_DATA BLOCK_:

■ ■ ■ ■ ■

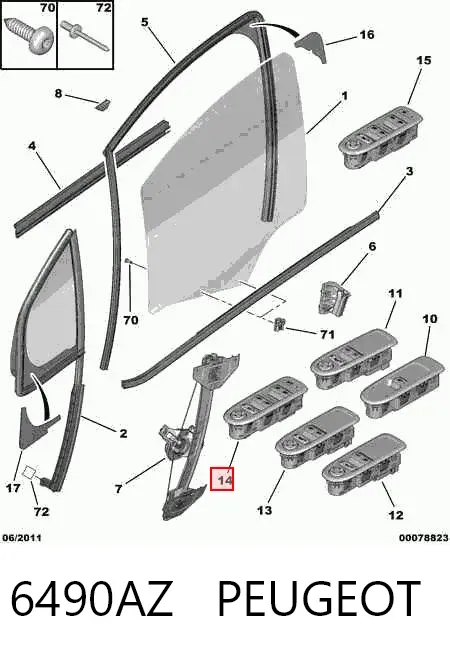 Interruptor de elevalunas delantera izquierda 6490AZ Peugeot/Citroen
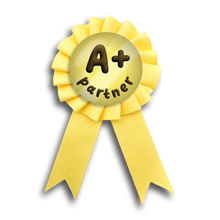 Load image into Gallery viewer, A+ partner award ribbon/button
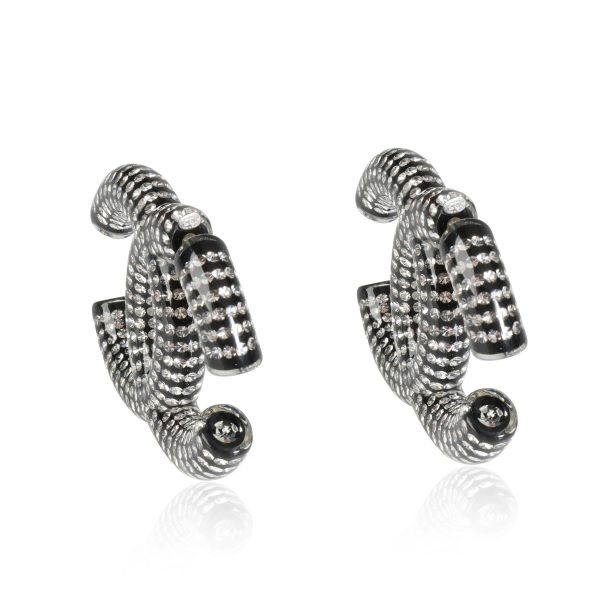 116384 bv Strass Chanel CC n Black Silver Earrings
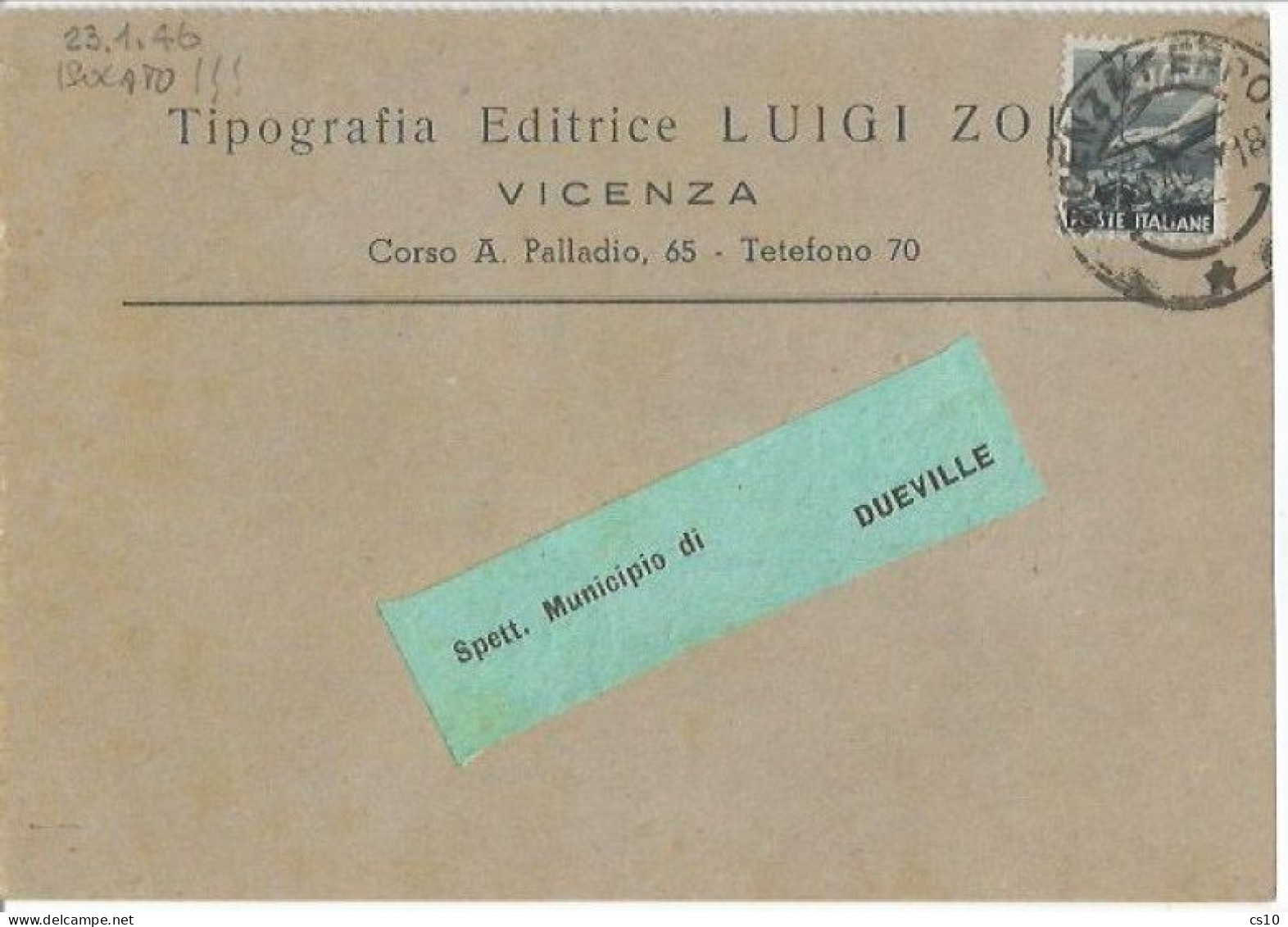 LUOGOTENENZA 3gen1946 Democratica C.40 Isolato Cartolina Commerciale Vicenza - Marcofilie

■ ■ ■ ■ ■

Retype the listing above exactly, please. Pictures do not belong in the copy.

_PROBLEM SOLUTION_:
 Interruptor de elevalunas delantera izquierda 6490AZ Peugeot/Citroen
 Load image into Gallery viewer, A+ partner award ribbon/button
 116384 bv Strass Chanel CC n Black Silver Earrings
 LUOGOTENENZA 3gen1946 Democratica C.40 Isolato Cartolina Commerciale Vicenza - Marcofilie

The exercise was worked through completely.